Tak berapa lama kemudian, sebuah lingkaran merah menyembul perlahan-lahan, sepertiga lingkaran, setengah lingkaran, hingga membentuk satu lingkaran utuh berwarna kunging keemasan. Pagi ini adalah pagi terindah yang pernah ku miliki.
Langit menerang, dan aku masih saja terpaku menyaksikan keindahan alam yang tersaji secara sempurna di hadapanku. Ku lihat kau tersenyum puas padaku.
***

Pada suatu pagi yang kelabu, saat kamu sedang asyik dengan strawberry-strawberry di tangan dan keranjangmu. Pagi terakhir yang kumiliki bersamamu. Ya, bersamamu, berdua denganmu, tentu saja anugerah terindah dalam hidupku, kamu seperti matahari bagi bumi, hujan bagi musim kemarau. Kau akan jadi oase di padang pasir bagiku.
 “Besok, Aku akan kembali ke Jakarta,” ucapku sedikit terbata.
Kau mendongak ke arahku dan tersenyum padaku “Iya, kamu hati-hati ya?”.
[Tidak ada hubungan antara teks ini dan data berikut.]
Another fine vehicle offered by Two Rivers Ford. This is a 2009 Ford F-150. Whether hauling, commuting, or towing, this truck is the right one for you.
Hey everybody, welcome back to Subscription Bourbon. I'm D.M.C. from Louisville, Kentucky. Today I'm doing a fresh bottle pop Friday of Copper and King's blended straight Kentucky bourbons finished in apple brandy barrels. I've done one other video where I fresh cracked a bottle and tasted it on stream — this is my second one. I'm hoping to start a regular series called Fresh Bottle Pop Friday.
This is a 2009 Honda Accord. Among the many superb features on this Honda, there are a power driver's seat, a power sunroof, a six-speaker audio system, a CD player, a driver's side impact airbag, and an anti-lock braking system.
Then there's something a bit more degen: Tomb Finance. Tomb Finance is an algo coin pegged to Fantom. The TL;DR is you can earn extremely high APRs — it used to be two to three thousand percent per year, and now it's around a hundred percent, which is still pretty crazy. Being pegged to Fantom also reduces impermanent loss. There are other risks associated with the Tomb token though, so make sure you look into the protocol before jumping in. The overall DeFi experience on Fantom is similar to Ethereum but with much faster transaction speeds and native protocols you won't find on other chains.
Jeda beberpa detik “Jangan tunggu aku, tak tahu kapan harus kembali,” ujaranku membuatmu menghentikan kegiatanmu. Kau mengerutkan keningmu, pertanda tak mengerti dengan ucapanku.
Aku menunduk mengumpulkan kekuatan untuk mengatakan “Pernikahanku sebentar lagi, ” ucapku dengan suara sedikit tercekat. Dan kamu membeku mendengar perkataanku, lalu kulihat butiran air mengalir dari mata ke pipimu, kamu menangis.
Aku bisa apa?berteriak?menangisimu?atau haruskah aku menyalahkan rasa yang hadir tiba-tiba?
Tidak, karena di sana seseorang tengah menungguku untuk hari pernikahanya denganku.